祠堂這邊四周栽種了許多竹子,夜裏的風吹過唰唰的竹林發出聲響,叫人聽了莫名有種陰森。
她在冷風中打了個寒戰,左右瞧著沒人看守。
非常利索地推開了祠堂的兩扇厚重的紅漆木門,沉悶的吱呀一聲。
祠堂內開著白熾燈光,非常明亮,她映入眼簾的是,高台上唐家整整齊齊有些毛骨悚然的祖宗排位。
而唐赫正背對著大門口,他依舊腰板挺直的跪著。
她快速地潛進去,然後又做賊一般把門關上。
“唐赫。”她小聲地喊了句。
唐赫不知道是不是在打盹,沒有應她。
可她在這祠堂裏,不由身心都有一種陰森恐懼感,立即三步並作兩步,提了些聲音喊他,“唐赫——”

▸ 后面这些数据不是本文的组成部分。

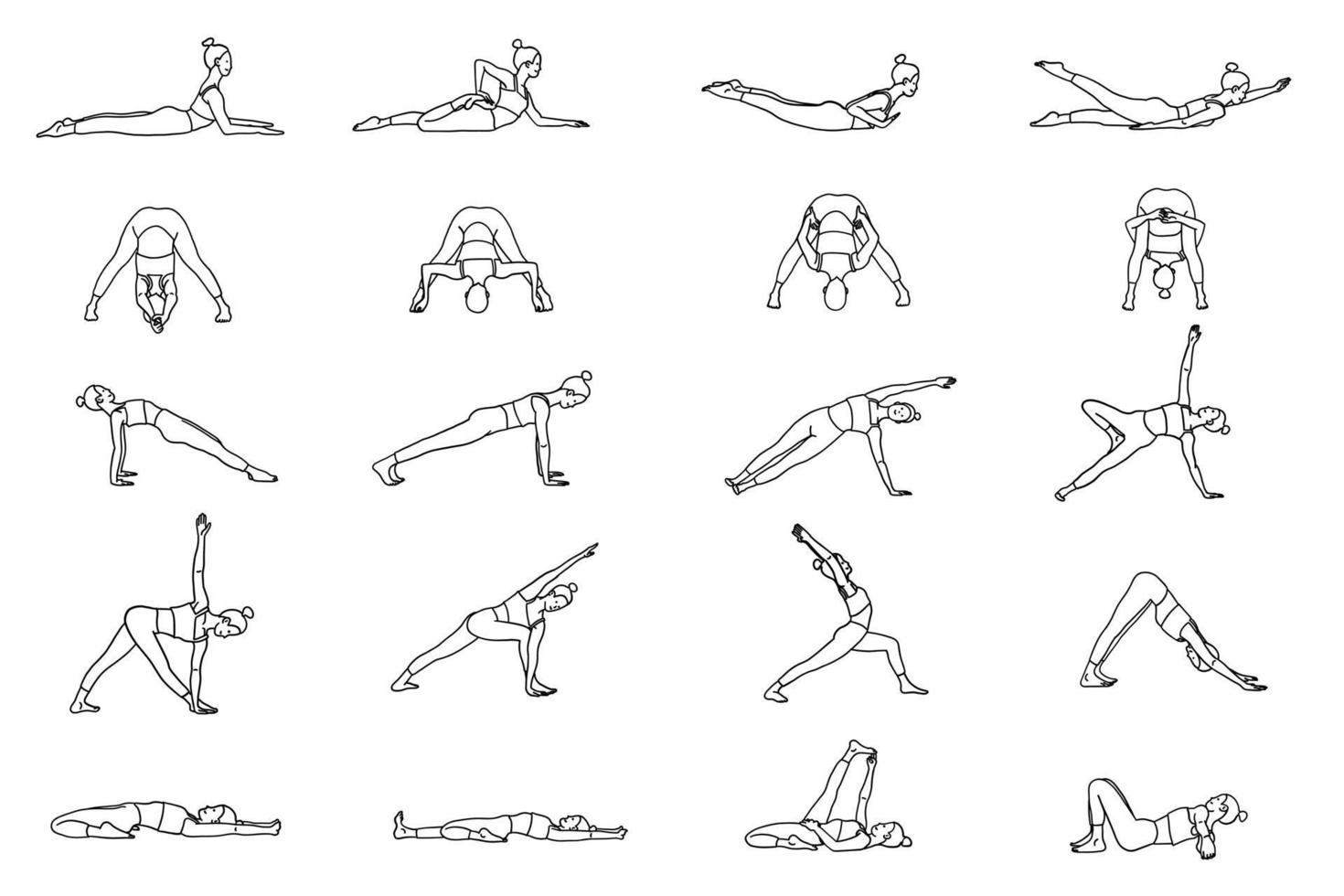 Yoga poses collection. Black and white. Female woman girl. Vector illustration in outline style isolated on white background.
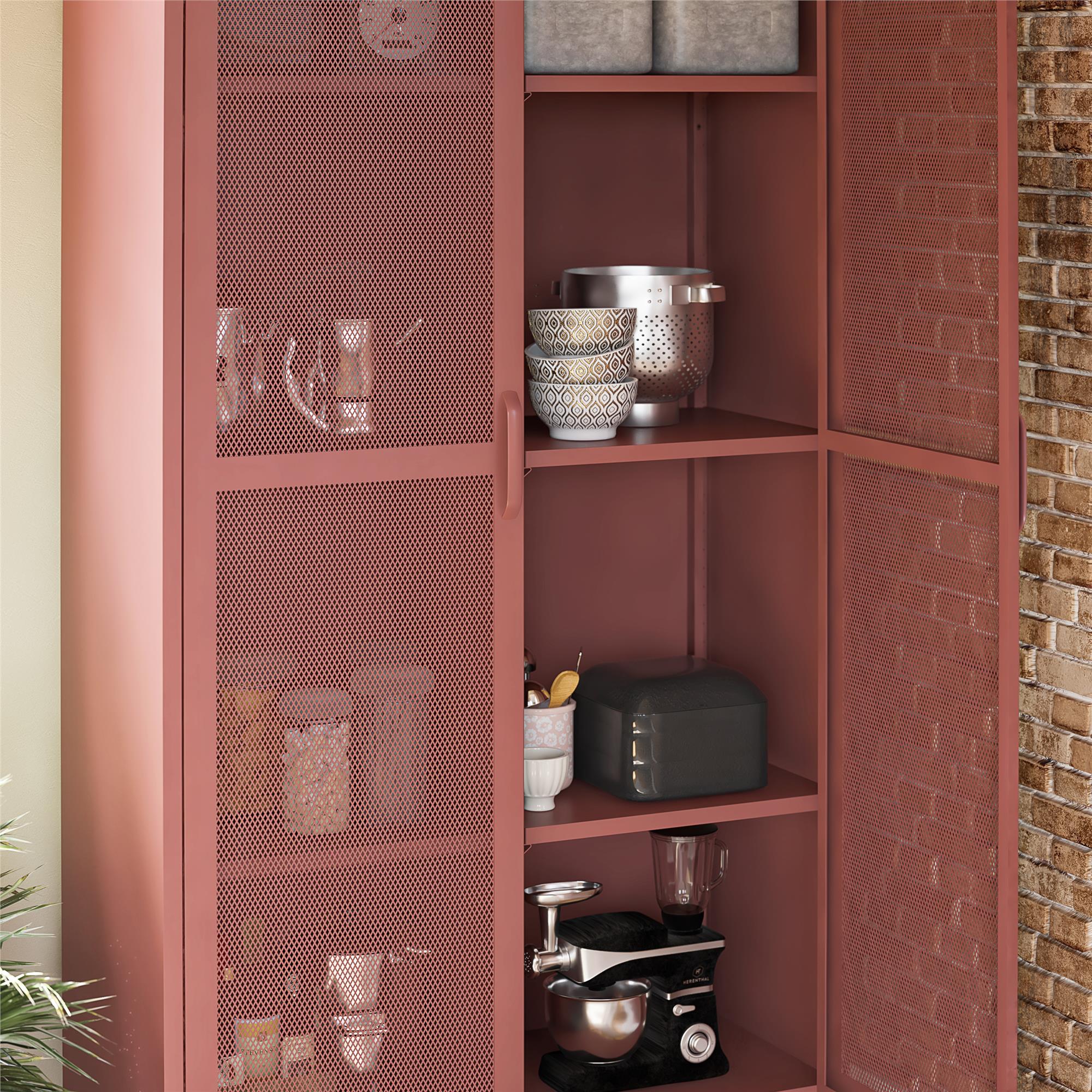 Tall storage cabinet with doors and shelves online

唐赫幾天沒有吃喝,明顯體力有些不支,他大腦有些迷糊,似乎聽到有人喊他,但現在是淩晨半夜,他一轉頭。
“唐赫,你快點應一下我。”她已經湊到他身邊。
他表情有些遲鈍,怔然,而宋小蔓卻表情豐富,雙手已經拉著他的手臂,催促著他,“……你快說話啊,我怕啊。”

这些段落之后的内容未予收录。